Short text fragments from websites
*** Block opens ***

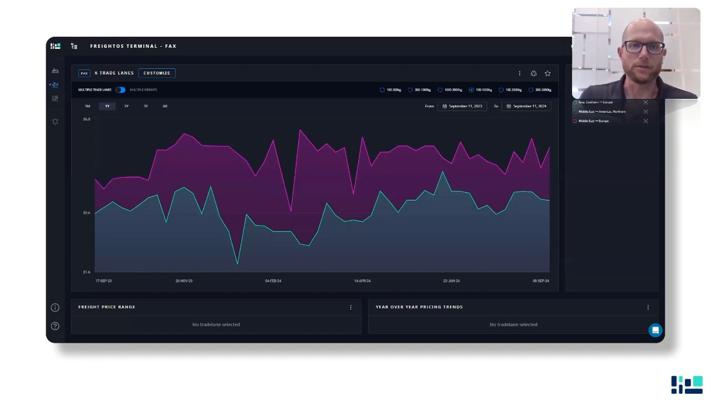 Sebastien Podgorski, photo 1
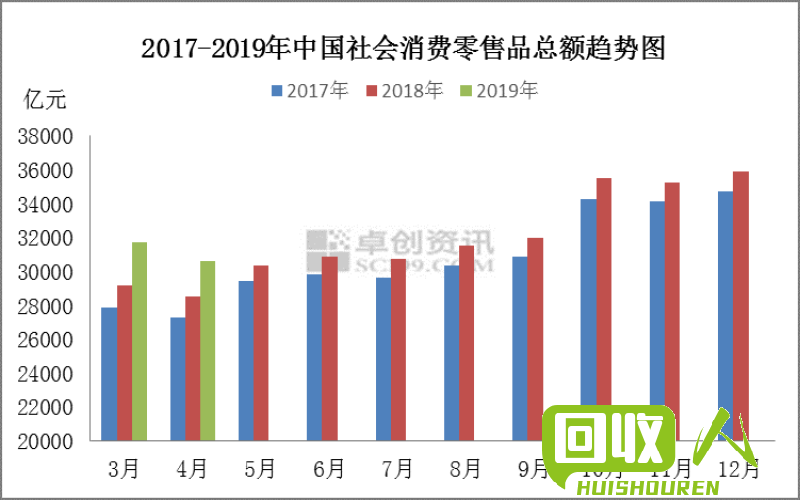 长江网价格大幅下跌，令人担忧的废304市场展望 今日废304价格长江网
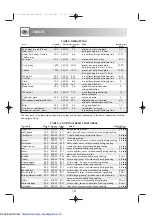 Preview for 18 page of Sharp R-605N Operation Manual With Cookbook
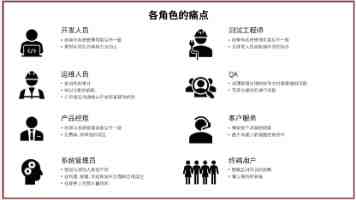 Spring AI 邂逅 DeepSeek：打造智能化聊天应用实战指南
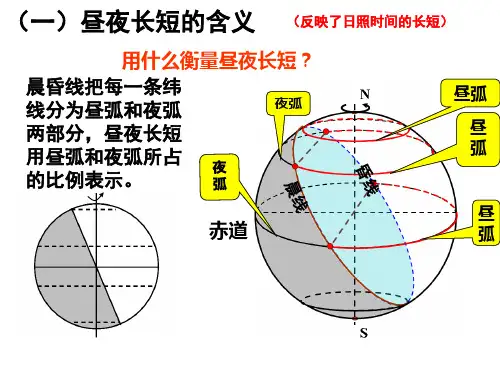 人教版地理必修一昼夜长短的变化详解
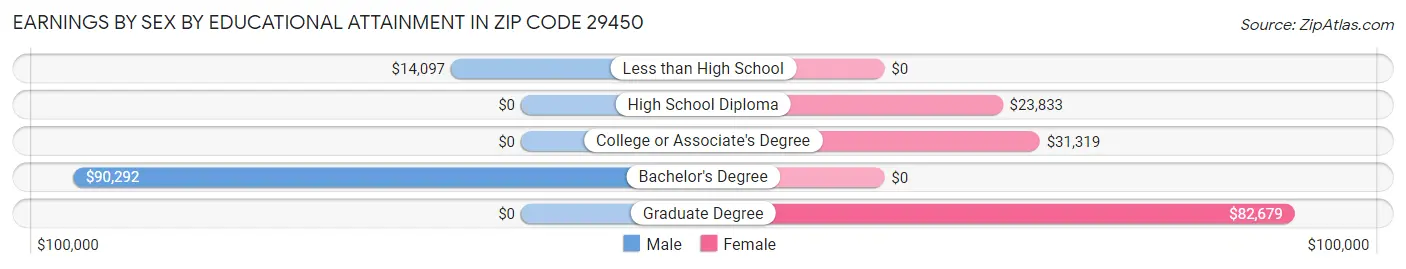 Earnings by Sex by Educational Attainment in Zip Code 29450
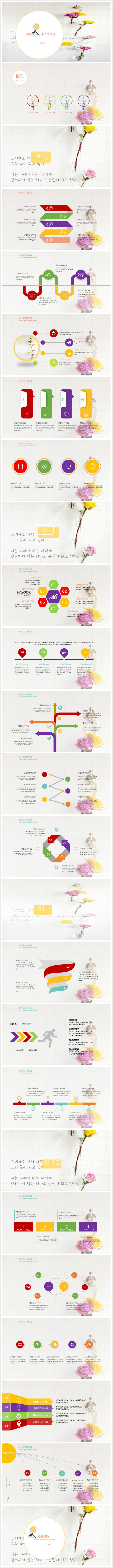 小清新工作匯報PPT模板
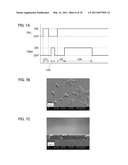 SEMICONDUCTOR DEVICE, FABRICATION METHOD OF THE SEMICONDUCTOR DEVICES diagram and image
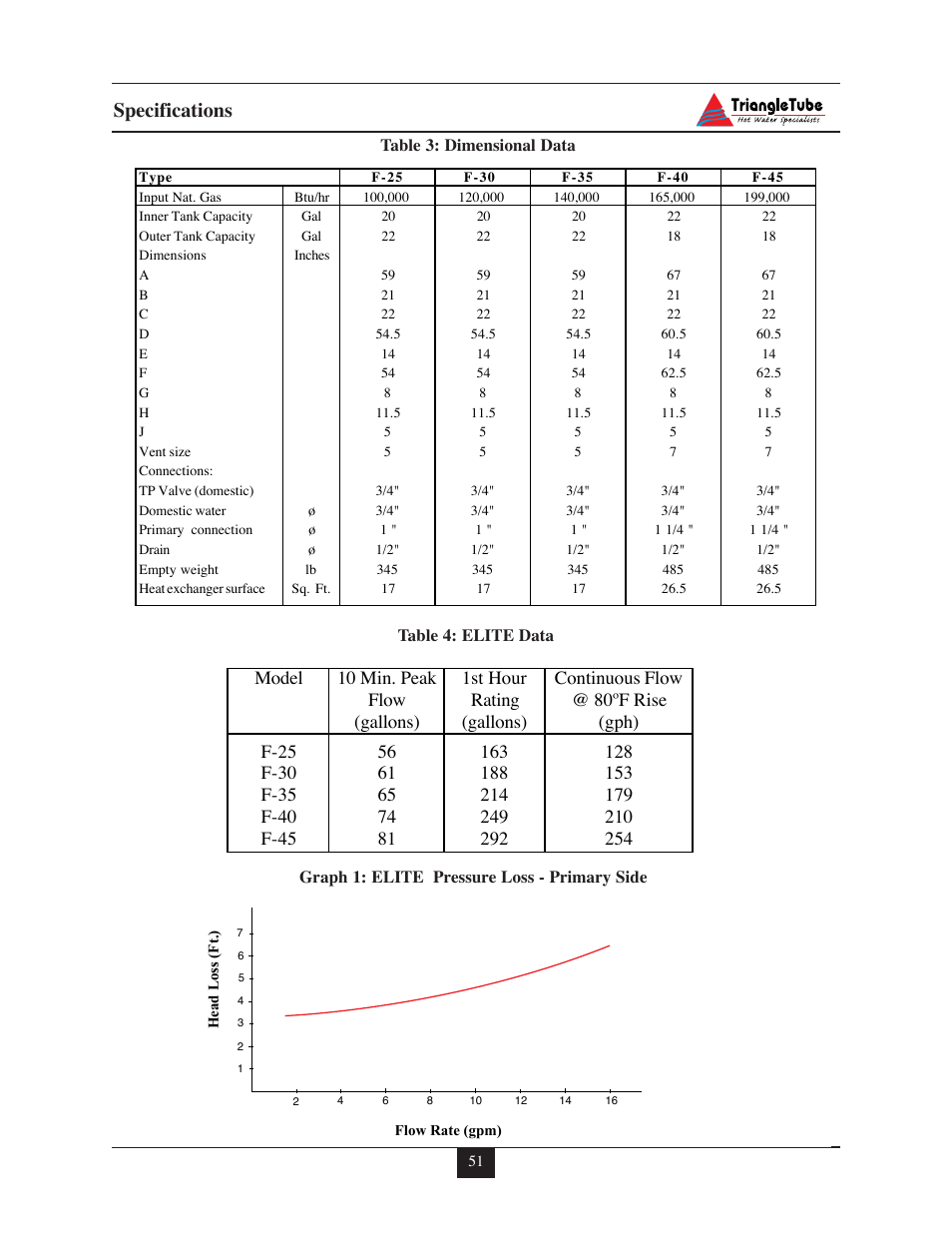 Specifications | Delta F-25 User Manual | Page 56 / 57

*** Block closes ***

* WORK ITEM
Leaving out any images, restate every record word for word.

* SOLUTION FOR THIS EXERCISE
 Sebastien Podgorski, photo 1
 长江网价格大幅下跌，令人担忧的废304市场展望 今日废304价格长江网
 Preview for 18 page of Sharp R-605N Operation Manual With Cookbook
 Spring AI 邂逅 DeepSeek：打造智能化聊天应用实战指南
 人教版地理必修一昼夜长短的变化详解
 Earnings by Sex by Educational Attainment in Zip Code 29450
 小清新工作匯報PPT模板
 SEMICONDUCTOR DEVICE, FABRICATION METHOD OF THE SEMICONDUCTOR DEVICES diagram and image
 Specifications | Delta F-25 User Manual | Page 56 / 57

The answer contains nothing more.